The parties agree on the general rule that a bona fide purchaser of real property from the record owner acquires good title thereto free and clear of any interest therein except such interest of which he has notice. It is admitted that the defendants purchased the premises from the record owner (plaintiff’s lease was not recorded), and hence the principal question is whether defendants had or are chargeable with notice of plaintiff’s interest. Such notice may be actual or constructive and contemplates the existence of circumstances or facts either known to a prospective purchaser or of which he is chargeable with knowledge which imposes upon such purchaser the duty of inquiry. Where real estate is in the possession of someone other than the record owner, such possession is generally regarded as notice to the world of the interest represented thereby and is legally equivalent to the recording of such interest. Carnes v. Whitfield, 352 Ill 384, 185 NE 819, and Slinger v. Sterrett, 283 Ill 82, 118 NE 1008. A purchaser is bound to inquire of the person in possession by what tenure he holds and what interest he claims in the premises. Carnes v. Whitfield, supra. Possession having the same effect as recording, charges a prospective purchaser with notice of all legal and equitable claims of the occupant. Ambrosious v. Katz, 2 Ill2d 173, 117 NE2d 69. Because possession has such substantial significance and consequences it follows that the possession or evidence of continuing acts of ownership thereof must be visible, open, exclusive and unambiguous. Atwood v. Chicago, M. & St. P. Ry. Co., 313 Ill 59, 144 NE 351.
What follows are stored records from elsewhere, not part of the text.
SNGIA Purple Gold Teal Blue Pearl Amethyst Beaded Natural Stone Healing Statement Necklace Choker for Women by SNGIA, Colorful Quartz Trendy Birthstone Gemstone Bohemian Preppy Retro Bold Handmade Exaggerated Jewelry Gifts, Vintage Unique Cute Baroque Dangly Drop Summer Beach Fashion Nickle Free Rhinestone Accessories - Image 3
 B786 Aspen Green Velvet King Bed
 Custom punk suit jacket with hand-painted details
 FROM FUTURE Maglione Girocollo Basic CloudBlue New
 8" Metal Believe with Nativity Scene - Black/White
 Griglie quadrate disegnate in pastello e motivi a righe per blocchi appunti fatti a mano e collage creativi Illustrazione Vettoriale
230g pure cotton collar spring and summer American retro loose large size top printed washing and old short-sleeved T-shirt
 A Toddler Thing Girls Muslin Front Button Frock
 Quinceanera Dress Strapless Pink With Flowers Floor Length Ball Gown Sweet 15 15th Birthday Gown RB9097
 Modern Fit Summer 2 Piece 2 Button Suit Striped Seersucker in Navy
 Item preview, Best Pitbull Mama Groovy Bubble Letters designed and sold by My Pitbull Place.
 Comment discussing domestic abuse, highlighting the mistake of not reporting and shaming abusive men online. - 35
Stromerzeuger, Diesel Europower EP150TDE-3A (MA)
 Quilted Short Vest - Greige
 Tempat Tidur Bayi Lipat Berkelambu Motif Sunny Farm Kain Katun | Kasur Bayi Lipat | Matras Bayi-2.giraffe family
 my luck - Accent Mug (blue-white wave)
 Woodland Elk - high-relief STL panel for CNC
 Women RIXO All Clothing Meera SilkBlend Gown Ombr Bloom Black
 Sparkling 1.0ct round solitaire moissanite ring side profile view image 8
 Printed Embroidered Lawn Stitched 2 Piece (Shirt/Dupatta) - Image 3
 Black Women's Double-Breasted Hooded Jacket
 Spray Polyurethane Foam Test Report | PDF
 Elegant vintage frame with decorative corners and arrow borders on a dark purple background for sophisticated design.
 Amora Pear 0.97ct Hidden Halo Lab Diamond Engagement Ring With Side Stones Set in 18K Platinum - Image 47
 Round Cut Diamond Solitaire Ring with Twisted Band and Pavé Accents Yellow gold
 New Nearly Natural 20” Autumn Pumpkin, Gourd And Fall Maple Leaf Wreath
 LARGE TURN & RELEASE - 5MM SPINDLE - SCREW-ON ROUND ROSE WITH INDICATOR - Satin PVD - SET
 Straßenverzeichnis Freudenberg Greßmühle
Defendants in support of the trial court’s action assert plaintiff was not in possession of the premises, relying principally on the cases of Roderick v. McMeekin, 204 Ill 625, 68 NE 473, and Miliken Trust Co. v. Gregory, 292 Ill App 28, 10 NE2d 853, and hence they were under no duty of inquiry. Furthermore, defendants insist that the undisputed facts are that they purchased the property from the record owner (O’Hare Garage) with no knowledge of plaintiff’s lease and in reliance upon the owner’s representations in the contract and deed that there were no leases.

In the Roderick and Miliken Trust Company cases as in most of the cases in which the issue has been involved, the issue presented was whether the possession exercised by a party claiming under an unrecorded interest was sufficient to charge the purchaser thereof with notice when such purchaser was unaware of such possession. In the instant case, the defendants rely heavily upon the absence of persons either as subtenants or as agents of plaintiff on the premises in support of their conclusion that plaintiff was not in possession. Although the continuous occupation of the premises by a third party is not necessarily required to establish possession (see Thomas v. Burnett, 128 Ill 37, 21 NE 352), we would be disposed to hold if that were the only issue, that the mere presence of a vacant building on real estate bearing the brand name of a product sold, would not be sufficient possession to charge a prospective purchaser with notice thereof. However, plaintiff asserts (which assertion is completely ignored by defendants), that not only was their property visibly on the premises but defendants knew that such property was not owned by their seller.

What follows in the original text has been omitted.